### WHAT YOU SHOULD DO
Only the lines below from the one containing "My long toes-malay 17 of 20" to the one containing "Resultado de prótese de silicone — depois" should be repeated, both included and unchanged.

Caption-style text data
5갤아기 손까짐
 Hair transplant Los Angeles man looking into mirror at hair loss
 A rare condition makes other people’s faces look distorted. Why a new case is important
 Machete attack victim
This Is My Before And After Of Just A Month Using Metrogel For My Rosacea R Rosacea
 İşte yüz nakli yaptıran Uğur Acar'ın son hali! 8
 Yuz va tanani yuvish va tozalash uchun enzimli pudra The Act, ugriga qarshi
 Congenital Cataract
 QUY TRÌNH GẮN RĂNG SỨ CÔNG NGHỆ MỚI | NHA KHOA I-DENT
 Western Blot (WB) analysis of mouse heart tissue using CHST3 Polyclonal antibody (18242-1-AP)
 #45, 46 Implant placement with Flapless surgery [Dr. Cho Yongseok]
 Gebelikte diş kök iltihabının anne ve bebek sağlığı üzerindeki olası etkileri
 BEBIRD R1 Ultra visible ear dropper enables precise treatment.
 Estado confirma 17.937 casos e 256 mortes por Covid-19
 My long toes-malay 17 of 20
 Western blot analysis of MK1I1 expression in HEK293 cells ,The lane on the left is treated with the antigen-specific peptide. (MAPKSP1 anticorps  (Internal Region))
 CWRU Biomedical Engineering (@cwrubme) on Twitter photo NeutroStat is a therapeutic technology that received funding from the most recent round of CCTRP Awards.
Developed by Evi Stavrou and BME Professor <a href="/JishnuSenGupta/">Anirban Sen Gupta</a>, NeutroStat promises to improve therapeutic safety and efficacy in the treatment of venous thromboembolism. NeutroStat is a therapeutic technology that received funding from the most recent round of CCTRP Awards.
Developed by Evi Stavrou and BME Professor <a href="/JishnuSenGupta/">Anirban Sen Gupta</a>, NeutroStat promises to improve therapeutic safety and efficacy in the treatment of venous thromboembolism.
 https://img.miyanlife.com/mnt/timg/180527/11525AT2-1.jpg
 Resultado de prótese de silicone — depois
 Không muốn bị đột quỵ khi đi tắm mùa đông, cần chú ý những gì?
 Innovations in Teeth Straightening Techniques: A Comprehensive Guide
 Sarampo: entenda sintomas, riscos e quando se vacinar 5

### RESULT OF THIS TASK
 My long toes-malay 17 of 20
 Western blot analysis of MK1I1 expression in HEK293 cells ,The lane on the left is treated with the antigen-specific peptide. (MAPKSP1 anticorps  (Internal Region))
 CWRU Biomedical Engineering (@cwrubme) on Twitter photo NeutroStat is a therapeutic technology that received funding from the most recent round of CCTRP Awards.
Developed by Evi Stavrou and BME Professor <a href="/JishnuSenGupta/">Anirban Sen Gupta</a>, NeutroStat promises to improve therapeutic safety and efficacy in the treatment of venous thromboembolism. NeutroStat is a therapeutic technology that received funding from the most recent round of CCTRP Awards.
Developed by Evi Stavrou and BME Professor <a href="/JishnuSenGupta/">Anirban Sen Gupta</a>, NeutroStat promises to improve therapeutic safety and efficacy in the treatment of venous thromboembolism.
 https://img.miyanlife.com/mnt/timg/180527/11525AT2-1.jpg
 Resultado de prótese de silicone — depois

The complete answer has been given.